Anciennement, du temps de la poudre noire, on était convenu d’appeler obusiers les canons dont la longueur ne dépassait pas dix à douze fois leur calibre, et mortiers ceux dont la longueur n’atteignait pas dix calibres. Mais l’emploi des poudres progressives dites sans fumée, à combustion plus lente, a conduit à augmenter quelque peu les longueurs d’âme des pièces pour obtenir un effet équivalent sur les projectiles. La classification précédente n’est donc plus tout à fait exacte et, pour ne pas risquer de faire éclater son élasticité, nous dirons seulement que les obusiers sont des canons courts et les mortiers des obusiers courts.
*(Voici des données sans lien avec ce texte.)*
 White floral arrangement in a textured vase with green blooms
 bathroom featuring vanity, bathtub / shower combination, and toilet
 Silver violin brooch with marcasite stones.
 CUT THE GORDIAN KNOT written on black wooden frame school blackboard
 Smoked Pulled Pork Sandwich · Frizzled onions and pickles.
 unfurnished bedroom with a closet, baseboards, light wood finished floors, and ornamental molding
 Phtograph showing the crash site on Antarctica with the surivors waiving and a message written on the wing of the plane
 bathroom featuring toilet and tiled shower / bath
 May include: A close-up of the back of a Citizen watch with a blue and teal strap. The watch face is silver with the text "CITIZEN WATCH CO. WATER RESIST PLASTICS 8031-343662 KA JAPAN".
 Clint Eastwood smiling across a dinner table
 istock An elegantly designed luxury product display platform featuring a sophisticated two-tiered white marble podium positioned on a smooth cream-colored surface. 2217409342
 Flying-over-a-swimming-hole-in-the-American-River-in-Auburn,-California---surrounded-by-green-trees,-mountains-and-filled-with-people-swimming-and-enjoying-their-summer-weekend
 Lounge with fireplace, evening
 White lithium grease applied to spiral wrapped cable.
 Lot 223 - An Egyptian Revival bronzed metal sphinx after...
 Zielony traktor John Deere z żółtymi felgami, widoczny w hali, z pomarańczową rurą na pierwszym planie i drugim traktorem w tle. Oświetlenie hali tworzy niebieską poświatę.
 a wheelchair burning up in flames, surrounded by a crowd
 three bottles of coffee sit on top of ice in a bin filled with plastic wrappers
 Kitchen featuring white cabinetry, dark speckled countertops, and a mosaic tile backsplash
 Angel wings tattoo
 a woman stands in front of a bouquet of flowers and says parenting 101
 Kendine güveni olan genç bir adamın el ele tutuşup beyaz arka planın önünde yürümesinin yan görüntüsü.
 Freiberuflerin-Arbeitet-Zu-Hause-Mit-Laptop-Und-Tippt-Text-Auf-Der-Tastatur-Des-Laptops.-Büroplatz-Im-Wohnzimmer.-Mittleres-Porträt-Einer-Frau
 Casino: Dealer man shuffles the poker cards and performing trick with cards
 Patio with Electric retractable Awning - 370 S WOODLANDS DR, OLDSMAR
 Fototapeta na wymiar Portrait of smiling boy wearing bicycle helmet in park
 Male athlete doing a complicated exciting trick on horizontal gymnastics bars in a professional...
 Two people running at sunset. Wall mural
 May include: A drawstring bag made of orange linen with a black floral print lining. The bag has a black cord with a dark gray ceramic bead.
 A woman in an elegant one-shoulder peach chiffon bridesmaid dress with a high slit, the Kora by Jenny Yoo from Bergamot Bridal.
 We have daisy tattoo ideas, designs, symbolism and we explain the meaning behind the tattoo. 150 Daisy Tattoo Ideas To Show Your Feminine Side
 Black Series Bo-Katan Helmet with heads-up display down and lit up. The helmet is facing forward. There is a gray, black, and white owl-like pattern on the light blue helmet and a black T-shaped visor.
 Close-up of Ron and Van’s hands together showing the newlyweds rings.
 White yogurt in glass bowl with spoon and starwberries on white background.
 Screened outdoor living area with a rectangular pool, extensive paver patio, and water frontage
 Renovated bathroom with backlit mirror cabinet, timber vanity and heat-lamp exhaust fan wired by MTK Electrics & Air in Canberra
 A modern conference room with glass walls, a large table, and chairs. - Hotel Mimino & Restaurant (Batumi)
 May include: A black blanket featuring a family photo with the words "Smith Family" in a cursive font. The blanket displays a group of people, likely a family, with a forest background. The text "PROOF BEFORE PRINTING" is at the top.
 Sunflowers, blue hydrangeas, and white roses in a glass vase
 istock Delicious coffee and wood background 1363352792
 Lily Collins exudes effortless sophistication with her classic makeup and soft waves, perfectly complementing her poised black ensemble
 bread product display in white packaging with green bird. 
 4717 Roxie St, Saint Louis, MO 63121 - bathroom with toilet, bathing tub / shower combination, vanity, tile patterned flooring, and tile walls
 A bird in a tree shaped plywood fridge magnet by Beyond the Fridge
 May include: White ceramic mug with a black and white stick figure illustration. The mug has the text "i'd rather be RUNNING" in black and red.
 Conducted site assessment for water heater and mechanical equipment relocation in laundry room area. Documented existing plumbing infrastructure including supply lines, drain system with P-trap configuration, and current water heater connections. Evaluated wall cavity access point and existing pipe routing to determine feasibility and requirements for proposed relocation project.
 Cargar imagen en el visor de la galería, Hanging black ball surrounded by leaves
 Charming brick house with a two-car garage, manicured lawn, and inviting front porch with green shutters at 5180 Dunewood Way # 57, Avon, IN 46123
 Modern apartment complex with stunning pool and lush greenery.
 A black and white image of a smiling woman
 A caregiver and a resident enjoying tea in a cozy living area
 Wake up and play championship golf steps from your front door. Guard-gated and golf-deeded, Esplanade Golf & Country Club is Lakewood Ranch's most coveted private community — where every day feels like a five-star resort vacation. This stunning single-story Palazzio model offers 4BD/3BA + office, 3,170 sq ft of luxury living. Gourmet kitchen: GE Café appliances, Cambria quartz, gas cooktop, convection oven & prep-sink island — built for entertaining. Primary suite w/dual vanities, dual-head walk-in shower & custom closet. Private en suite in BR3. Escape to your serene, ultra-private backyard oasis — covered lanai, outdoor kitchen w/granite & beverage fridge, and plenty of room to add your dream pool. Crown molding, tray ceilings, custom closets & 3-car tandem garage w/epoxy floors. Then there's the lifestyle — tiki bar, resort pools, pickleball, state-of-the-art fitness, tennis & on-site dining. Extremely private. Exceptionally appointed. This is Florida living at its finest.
Ce qui, par une conséquence naturelle, distingue surtout les canons des obusiers, c’est que les premiers emploient de fortes charges de poudre, ceux-ci des charges faibles. C’est parce que la charge y est faible que la longueur n’a pas besoin d’être très grande pour que toute cette charge ait eu le temps de brûler avant que le projectile ne sorte de la pièce. Cette faible charge a pour effet une médiocre vitesse initiale du projectile et partant une moindre portée. Pour atteindre un objectif donné, l’obusier devra lancer son projectile beaucoup plus haut que le canon, de même que, d’un bout à l’autre d’une large rivière, le bras vigoureux d’un athlète pourra jeter une pierre presque horizontalement, tandis qu’une petite main faible d’enfant devra la lancer très haut pour qu’elle retombe assez loin.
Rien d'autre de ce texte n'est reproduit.